589

IN THE SUPREME COURT OF INDIA

CIVIL APPELLATE JURISDICTION

SPECIAL LEAVE PETITION (CIVIL) NO. 18929 OF 2009

IN THE MATTER OF:

Union of India .. Petitioner

Vs.

Reliance Industries Limited & Anr. .. Respondents

AFFIDAVIT ON BEHALF OF RIL IN REPLY TO

THE SPECIAL LEAVE PETITION OF THE UNION OF INDIA

I, B. Ganguly, s/o (Late) Murari Mohan Ganguly, aged about 54 years, having my office at 5th Floor, Meridien Commercial Tower, Windsor Place, New Delhi, do hereby solemnly affirm and state as follows:

That I am the Senior Vice President of the Respondent Company in the above matter and am conversant with the facts and circumstances of the case and as such competent to swear this affidavit on behalf of the Respondent No.1.

1. I have read the above Special Leave Petition (SLP) filed by the Union of India, arising out of the Judgment and Order dated 15th June 2009 passed by the Division Bench of the Bombay High Court.

2. I am filing this Affidavit to place certain relevant facts before this Hon’ble Court and to deal with such statements, averments and allegations contained in the Special Leave Petition filed by the Union of India as pertain or relate to Reliance Industries Limited (RIL) or actions of RIL as the Contractor under the Production Sharing Contract for the KGD6 Block entered into with the Government of India on 12th April 2000 (PSC).

3. Unless otherwise specified, the price of natural gas referred to in USD or US$ throughout in this affidavit is the price per one Million British Thermal Unit (MMBTU) of thermal energy and quantity of gas is in Million Standard Cubic Metres Per Day (MMSCMD).
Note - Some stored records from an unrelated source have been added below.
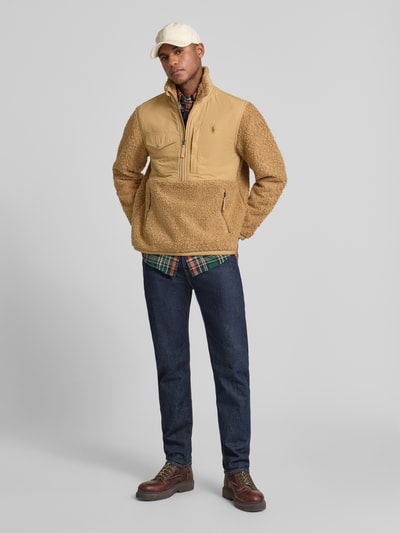 Männermodel trägt Regular Fit Troyer in Teddyfell-Optik von Polo Ralph Lauren in Unifarben mit Struktur, Label-Stitching, Logo-Detail, Rückenpasse, kurzem Reißverschluss und mehreren Reißverschlusstaschen, elastischem Langarm- und Rumpfabschluss, Materialverarbeitung Teddyfell, Ganzkörperansicht von vorne.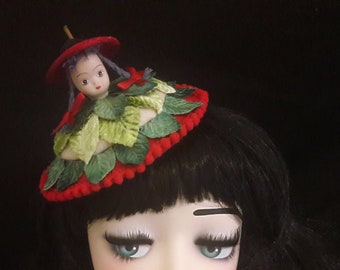 vintage doll face fascinator with velvet leaves fascinator with dolls head quirky red and green hat fruit with a face hat fun gay pride hat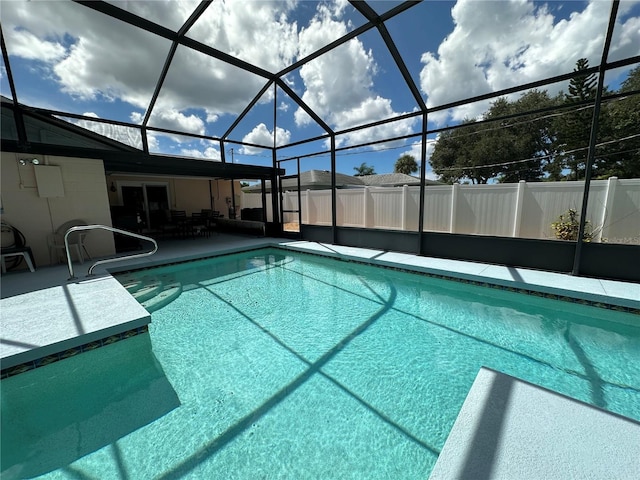 view of swimming pool with a patio area and a lanai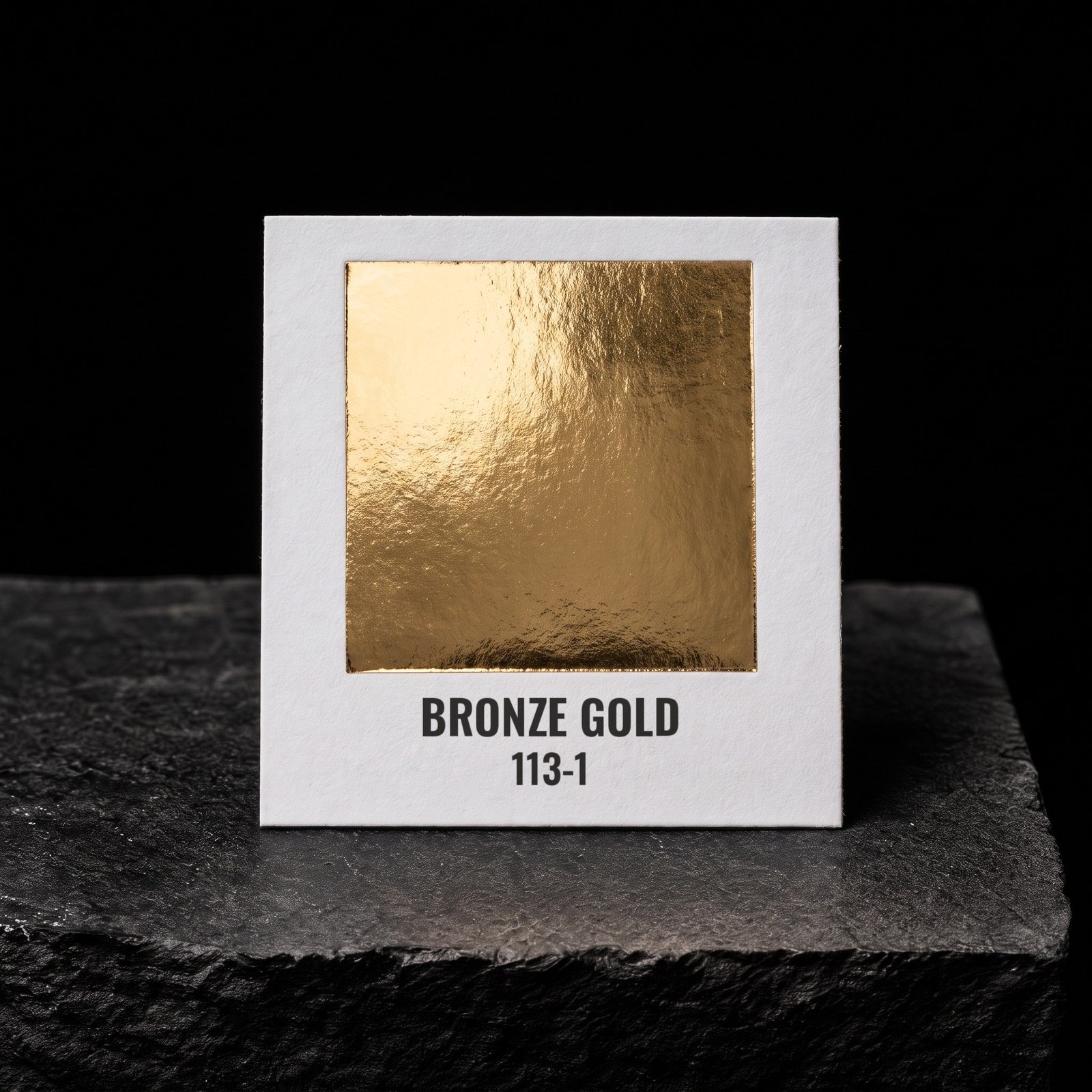 Bronze Gold 113-1, real foil chip on slate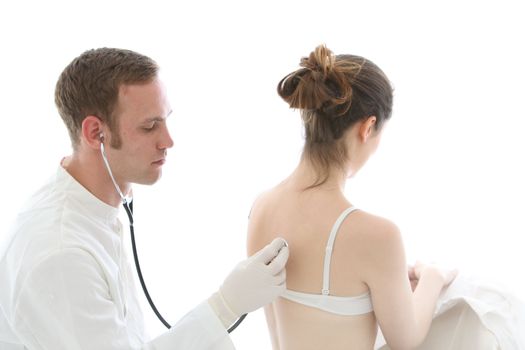 Doctor listening to the heart and lungs using a stethoscope on the back of a seated female patient wearing a bra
4. RIL together with Niko Resources Ltd. is the Contractor and responsible for all operations under the PSC.

5. At the outset, as a Contractor, RIL has throughout acted in accordance with and in compliance with the provisions of the PSC. It has sought all approvals mandated or necessitated by the provisions of the PSC and has acted in accordance therewith. RIL has not breached any of its obligations under the PSC. RIL denies all statements, allegations and contentions contained in the SLP that suggest the contrary.

6. RIL denies that it has treated or used Natural Gas as its private property. An extract from the “Gas Supply” section of the Memorandum of Understanding (MoU) has been reproduced in the above SLP. RIL is not a signatory to the MoU and is not bound thereby and has no obligations under the MoU. This has been the consistent stand of RIL before the Courts. This reply is being made on behalf of RIL without prejudice to this position.
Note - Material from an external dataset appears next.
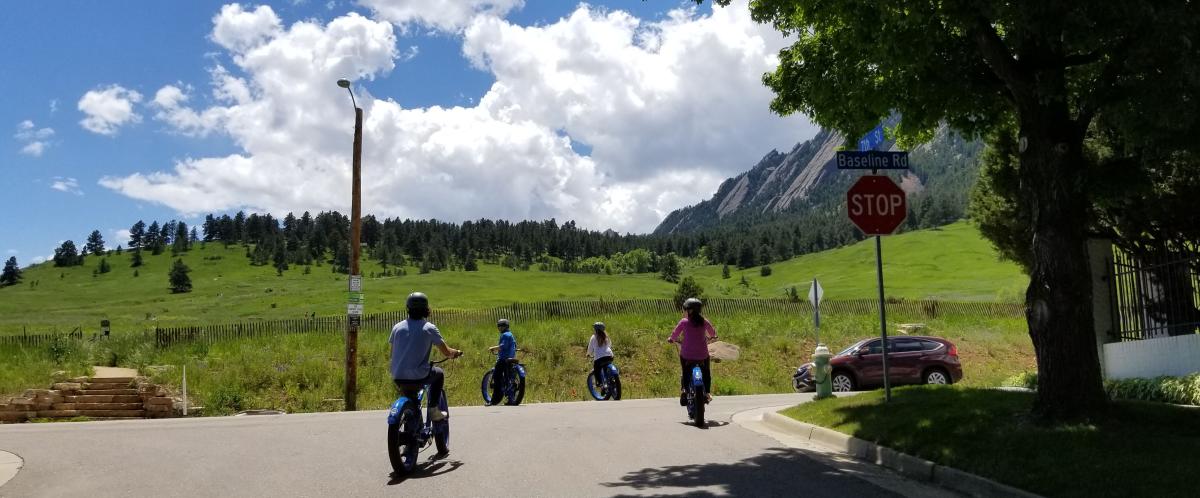 Group riding e-bikes on Boulder streets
7. In addition, a perusal of the MoU makes clear that it fully recognized the requirements of all applicable Government and statutory approvals under the PSC and relevant laws, and specifically incorporated the requirement for such approvals. Accordingly, even if the MoU created any obligations at all on the part of RIL (which is denied), any and all such obligations are subject to all applicable and necessary approvals of the Government.

8. RIL, as a Contractor under the PSC, being fully aware of the approvals required under the PSC, incorporated the following stipulation in the Gas Supply Master Agreement (GSMA) executed with Reliance Natural Resources Limited (RNRL) on 12th January 2006:

“Clause 13.9 Approvals Under Upstream Arrangements

(a) Without prejudice to the Approvals to be obtained under each GSPA, the Parties agree that the obligations of Seller under each Base Volume GSPA and each Option Volume GSPA are subject to the receipt and continued effectiveness of all Approvals under the applicable Upstream Arrangements and Approvals of the gas sales price under the applicable GSPA as the gas sales price to be used for cost recovery, profit sharing, and all other purposes under the applicable Upstream Arrangements.

(b) Each Base Volume GSPA and each Option Volume GSPA shall require separate Approvals of the gas sales price, and approval of the gas sales price under any other gas sales agreement shall not constitute Approval of the gas sales price under the applicable GSPA.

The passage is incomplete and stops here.